The benchmark computations of SYMBOLICDATA are facilitated by the Perl module
` Compute` and realized using

symbolicdata Compute [options] sd-file(s)Parameter specifications are given either by command-line options, or, often more suitably, by init-files. A benchmark run consists of the following stages:

- Check of correctness and completeness of input parameters.
- Set-up of the computation.
- Run of the computation.
- Evaluation of the computation.

The set-up and evaluation stage require communications between the
` Compute` module and the Perl routines specified by the input `
COMP` and ` CASCONFIG` records. The given input and expected
output of these external routines is well-defined and documented.
To ease the addition of new computations and systems to
the available benchmark computations, as much functionality is
provided by first, the ` Compute` module; second, the routines of
the ` COMP` record, and, third, by the routines of the `
CASCONFIG` record. For example, the run-time error check
specification of a ` CASCONFIG` can be as simple as specifying a
regular expression.

Based on the input file and shell command returned by the `
CASCCONFIG` routines, the actual run of the computation itself is
fully controlled by the routines of the ` Compute` module. For
reliability reasons, timings are measured externally based on the GNU
` time` program. While the actual computation is running, the `
symbolicdata` program ``sleeps'' until either the computation
finished, or the maximal (user plus system) time allowed for a
computation expired. In the latter case, the running computation is
unconditionally interrupted (killed) such that a following evaluation
of the computation recognizes a ``maxtime violation''. Furthermore, if
a run of the computation took less than a minimal (user plus system)
time required, the computation is repeated until the
sum of the times of all runs exceeds the bound, and the reported time
is then averaged. Notice that the measured computation times include
the times a system needs for start-up, input parsing, and output of
result. While one could argue that these operations do not really
contribute to the time of the actual computations, we did not separate
out these timings (at least for the time being) for the following
reasons:

- Mechanisms which isolate the pure computation time and do not rely on a system's internal facilities to measure timings are cumbersome to implement and would very much complicate the control and set-up of benchmark computations.
- Time measurements for computations which are not dominated by the pure computation time are mostly meaningless since start-up is a constant and I/O usually a linear operation w.r.t. the size of the input and output data.

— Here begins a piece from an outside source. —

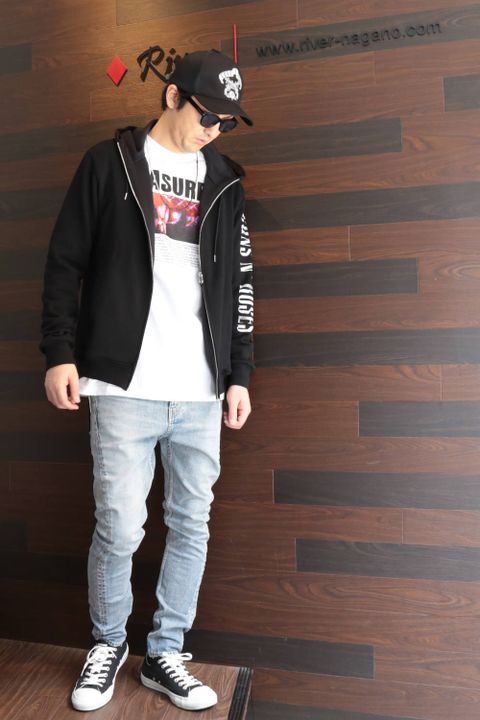 2018SS 春スタイル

The information about a particular benchmark computation is collected
into a record of the type ` COMPREPORT` which stores all input
parameters and results, i.e., error and verification status, timings,
output, etc., of the computation. Where applicable and requested,
records of the ` COMPRESULT` table are used to collect system
independent, verified, and ``trusted'' results of computations. These
` COMPRESULT` records may be extracted from one or more `
COMPREPORT`s and may be used for further verifications and
computations of invariants.

Running automated benchmark computations may quickly produce
voluminous amounts of output data^{}. Hence, we need
mechanisms which effectively maintain and evaluate this data:

First, note that this is a classical data base application. We are in the process of developing tools to translate benchmark data to SQL and to store them in a classical data base. However, even as data base application, the management of benchmark data is still rather challenging since benchmark data combines records, software, machines, algorithms, implementations, etc. into a high dimensional ``state space'' which needs to be analyzed.

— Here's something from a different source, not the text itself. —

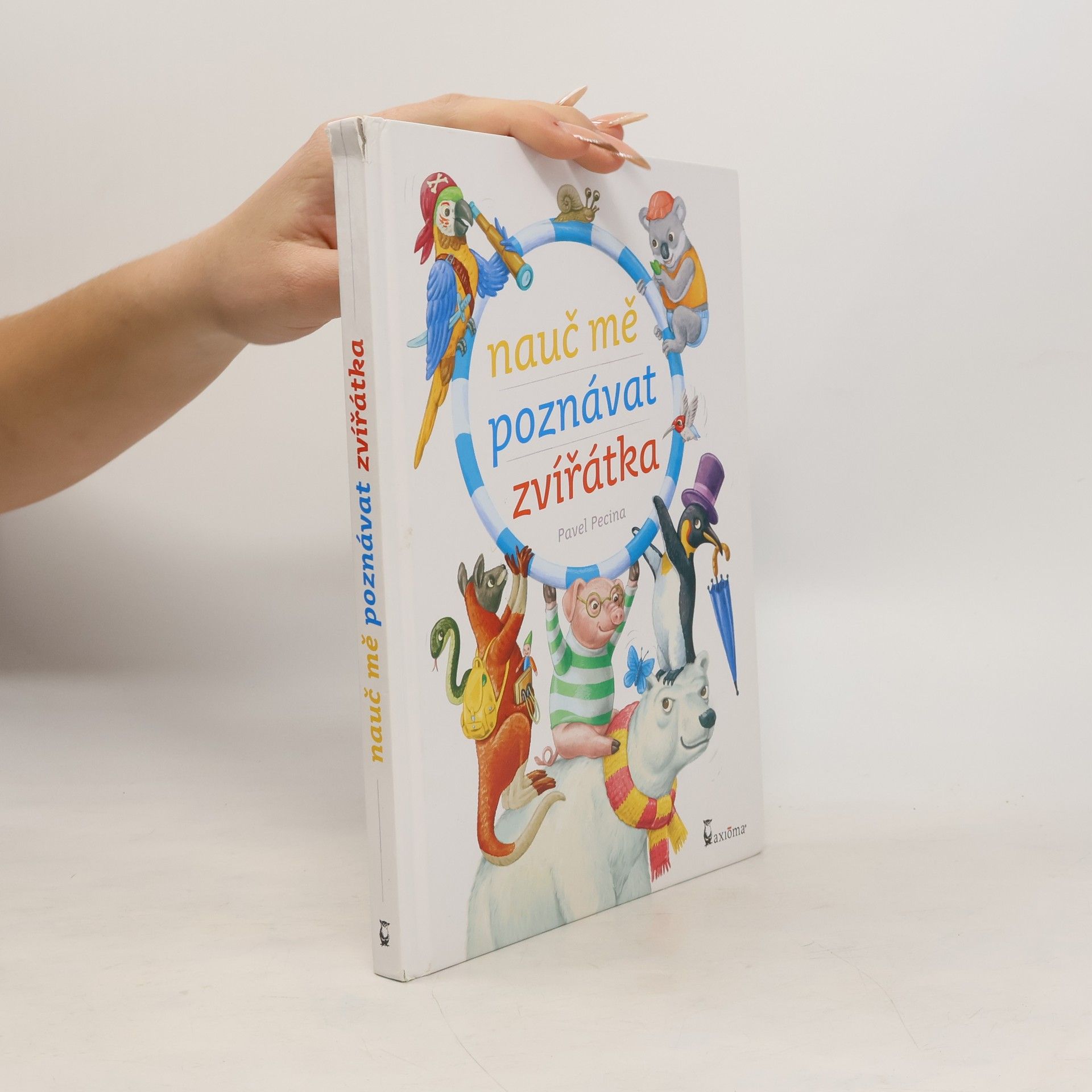 Nauč mě poznávat zvířátka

Second, note that only tools to analyze benchmark data are not enough.
To effectively compare benchmark runs we need standardized
and widely accepted concepts and methods to statistically evaluate
this data under
various aspects. The ` EvalComputation` module provides a first
solution attempt. Since a detailed discussion of the involved aspects
would go beyond the scope (and frame) of this paper we refer to
`www.SymbolicData.org/doc/EvalComputations/` for a starting point
for further thoughts and discussions.